[PHP-DEV] RFC: Marking return values as important (#[\NoDiscard])

On Thu, Feb 20, 2025, at 16:54, Volker Dusch wrote:

On Wed, Feb 12, 2025 at 9:57 PM Rob Landers rob@bottled.codes wrote:

Hey Rob,

Sorry for writing the mail again, I just noticed I forgot to include the list on my first reply to you, also corrected a mistake in the second paragraph.

There will eventually be a php 9, where BC changes will be possible.

I don’t assume PHP will change the behavior of widely used core functions to throw exceptions in PHP 9 as the BC impact will be colossal, hurting adoption. Or am I misunderstanding you here?

The point that there might be arguments over usage in internal code is why we went with an “only if it is a clear problem, especially when the function has important side effects” policy to avoid this.

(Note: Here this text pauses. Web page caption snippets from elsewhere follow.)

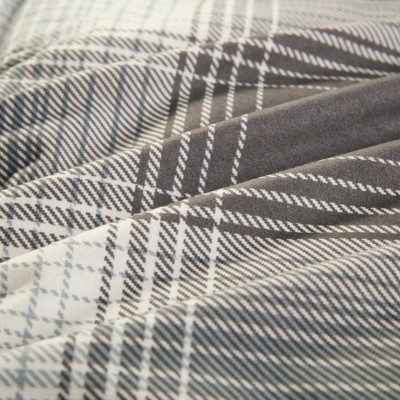 Twin Gray Plaid Down Alternative Microfiber Comforter Set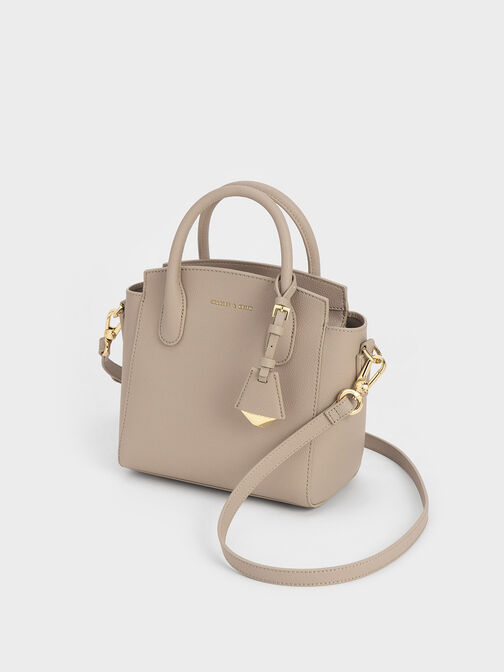 Harper Structured Top Handle Bag, Taupe, hi-res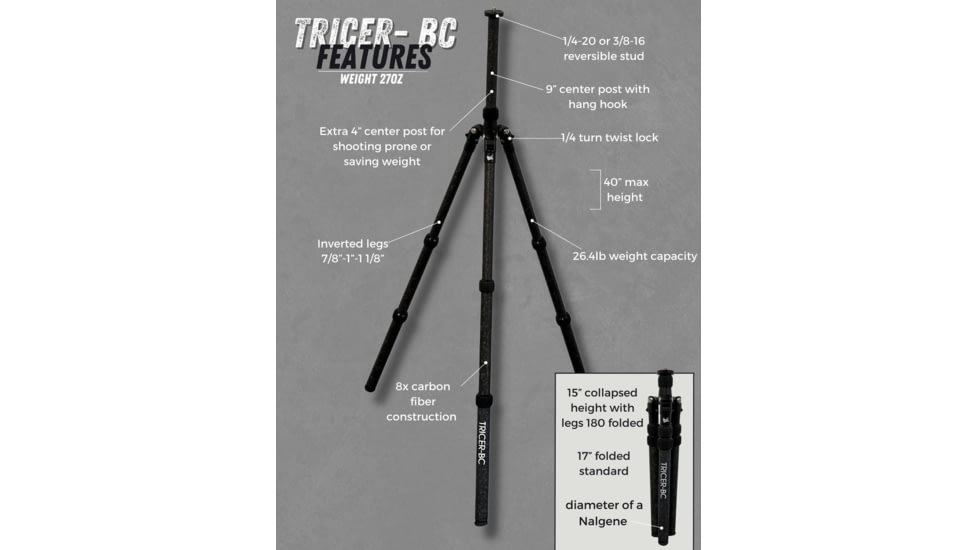 Tricer BC Tripod, Black, BC - Tri - 1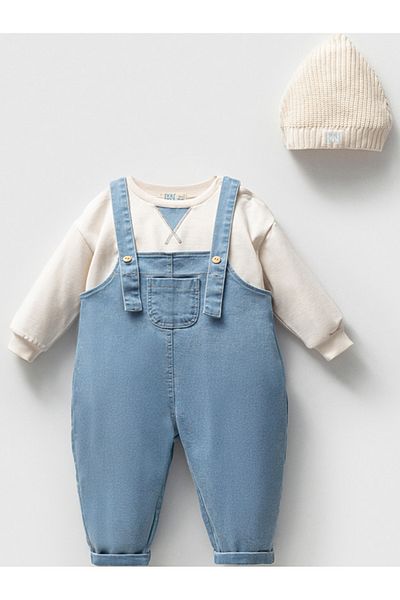 MixMax Bebe Baby Girl 3-Piece Denim Salopet Ecru Set
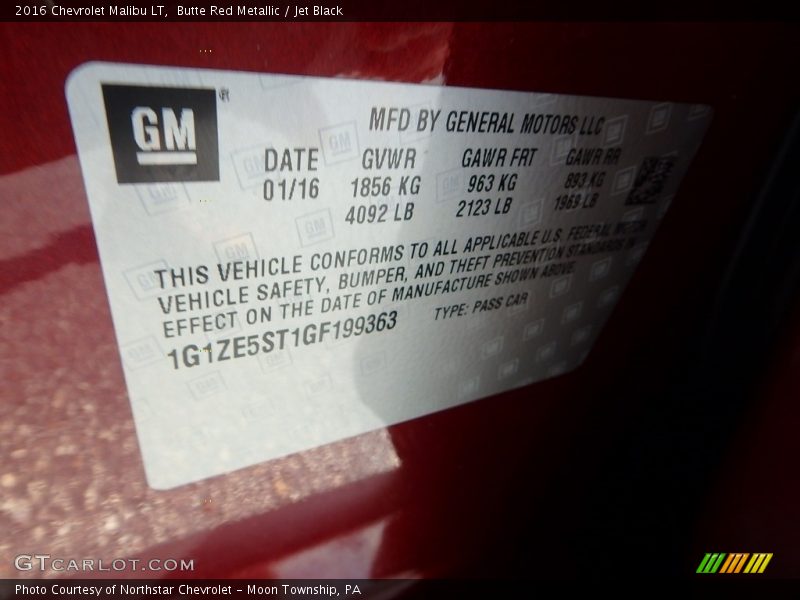 Butte Red Metallic / Jet Black 2016 Chevrolet Malibu LT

There are not a too many examples in core, more in userland.

I was merely pointing out that if you were to want to make BC breaks, you can. You just won’t get it :soon:

I have to stop you here. It is absolutely NOT safe and reasonable to ignore the output of array_pop. You popped it for a reason. If you just care about removing the last element, then you should use unset. Unset gives the intention. If I review code with array_pop, I’ll spend quite a bit of time checking that it was intentionally ignoring the return value (and leave a comment of the same, asking to use unset instead).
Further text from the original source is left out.